By midwest, I was usually thinking Ohio Valley-Missouri and the flyover states. Needless, to say any Midwesterner I hear sounds NOTHING like that, it’s going to be “neutral,” country, or southern. I think the real American “neutral” (what newscasters are/were trained in) is the Salt Lake city/Utah area accent (per my favorite Albion’s Seed).

Canadian accents can have a slight resemblance to the upper Midwest accent. Also, I felt like more of this type of thing could’ve showed through on That 70’s Show! That would have made it much more authentic, so would’ve hiring people from that area. I mean a few people had a performed accent, but I mean, I wanted more regional stuff, just day to day differences. I feel like they thought adding in beer all the time was Wisconsin enough.

This pdf from the census bureau is the actual geographic regions of the U.S.

 

6 Comments

  • Catherine

    Interesting that you think accents are getting more polished on TV – could be something to do with stuff being broadcast to more countries? I always used to struggle with the accents in Gossip Girl – had to get the subtitles out for Dan sometimes. But I hope they don’t get lost, you’re right, it would be so boring if everyone spoke the same. I’d rather put the subtitles on than lose the regional accents, and it’s always nice to see your own accent represented.

    • Livia Rose

      Yes, I think there must be some training out of regional accents to some extent or people who go to LA lose them? And perhaps they are told to speak louder, slower, and clearer (something not the case in Sherlock, I think perhaps that was more normal speaking)? Which causes things to lose the flavor of accuracy. Even if it is global I’d rather hear all the different regional accents?
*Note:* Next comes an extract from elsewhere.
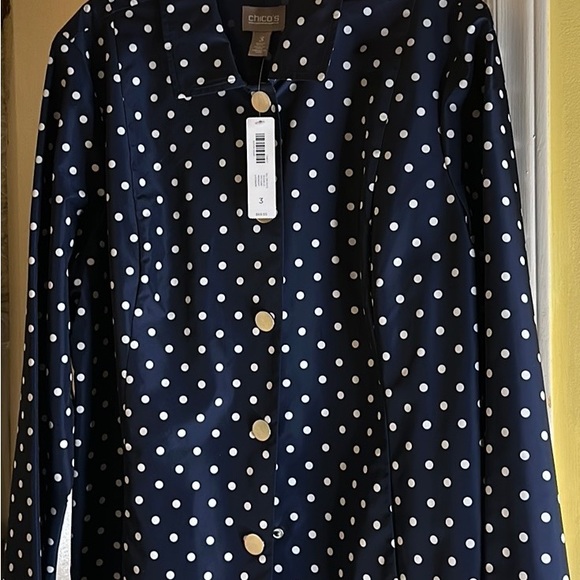 Chico’s jacket, size 3. Navy & white dots - Picture 2 of 4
      I did have a hard time with Sherlock at first (I think that surprised me because I’d watched a lot of period dramas, but I think at first Sherlock didn’t attract a large global following) and Midsommer Murders I think I did put subtitles on. I think maybe smaller films or tv efforts less effort was made to have a “non-accent.” I do feel like a lot of British tv/movies I’ve seen show different accents even if the actors aren’t from the area. But a lot of those are period dramas.
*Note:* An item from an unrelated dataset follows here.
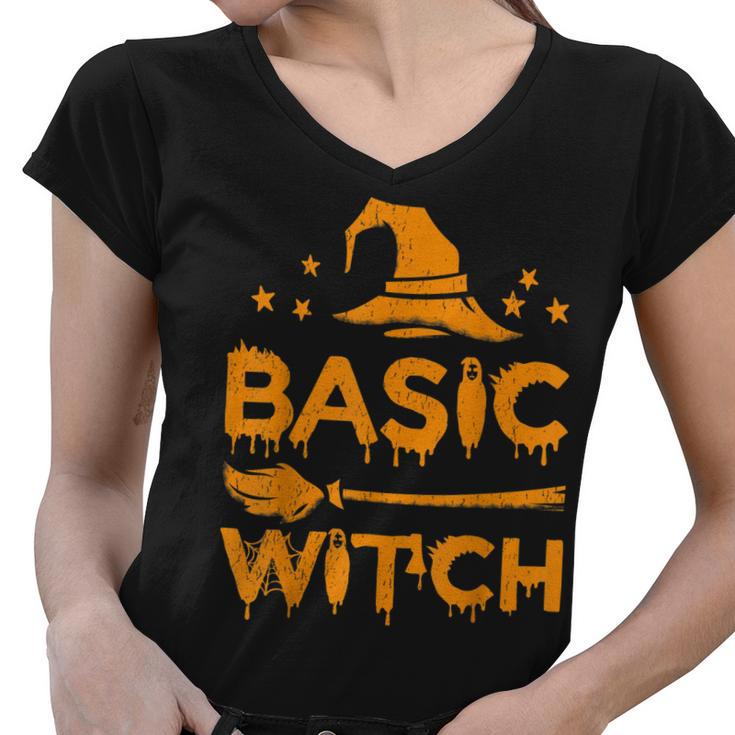 Funny Scary Basic Witch Halloween Costume  Women V-Neck T-Shirt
      I also think that at least in the US, casting is not from the area as much anymore if it isn’t one of the “big areas” like New York. One thing I’m super happy about is that Jennifer Lawrence and Josh Hutcherson are both from Kentucky and while the Appalachian Eastern Ky/West Virginia accent/word usage is NOTHING like the areas they are from, it is a least a state that bears the brunt of the worst of coal mining and Appalachian culture just like District 12 where it is supposed to be generally set.

      Now I’m curious about Gossip Girl to see how strong the accents are. I’ve heard lots of strong North eastern accents, but I can understand them, but my sister went to Boston one time and couldn’t understand the voice on the train giving out information.

  • Catherine

    I’d never thought about the accents in Hunger Games, I suppose because it’s a dystopian world, I forget it’s based in a future US. I’m trying to think what the accents are in Sherlock now, in my head they’re all just RP – but I suppose you get the cockney London characters too and Moriarty is Irish? I’m due a re-watch I think!!

    • Livia Rose

      They probably are, but I think the first seasons seemed more made for those used to a British accent. I don’t know, I do remember reeallly struggling to catch things, everything was fast, low, and quick, and posh and maybe that altogether was too much for me? I know Americans get a bad rap for being loud (and seemingly needing loud to hear?), but I had thought my hearing was ultrasensitive. Of course, I kinda am like that anyway when watching many things, too many things coming at me.